Three messages to take away from the NER300 press conference given by Commissioner Hedegaard today:
- Second call to be launched “as early in the New Year as possible”. Hedegaard added: “The intention is that within a 12-month time span we will be able to award the second call.”
- Second call not to look radically different from the first call. Hedegaard: “We won’t change the funding criteria. It is the second call after the first call. No surprises there.”
- EC very keen to fund CCS in the second call but refuses to set aside money from withdrawn ULCOS CCS project specifically for CCS in the second call.
EC documentation is available on this DG CLIMA webpage.
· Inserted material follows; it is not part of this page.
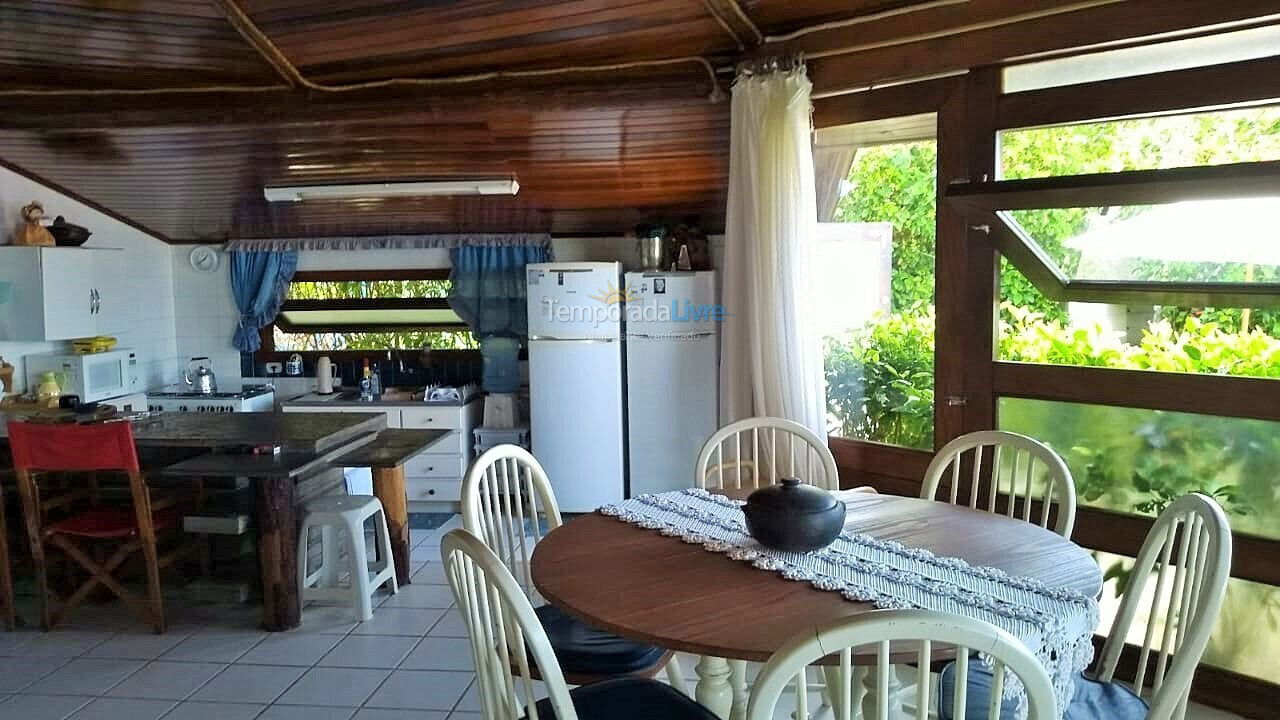 Casa para alquiler de vacaciones em Bombinhas (Praia de Bombas)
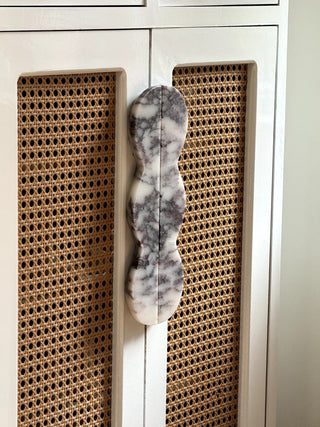 Twin-Curve Pull Handle-Neutral Decor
The European Commission, represented by the Commissioner for Climate Action, Connie Hedegaard, will make a statement at a press conference beginning at 12:30 CET. A web-stream can be accessed here. Soon after, the official version of the Award Decision will be available on the EC’s NER300 webpage.
One CCS project is mentioned in the Decision but only because it announced its withdrawal after the Award Decision had gone on interservice consultation in the EC and after it had been sent to Member States. It will not be funded in the first call.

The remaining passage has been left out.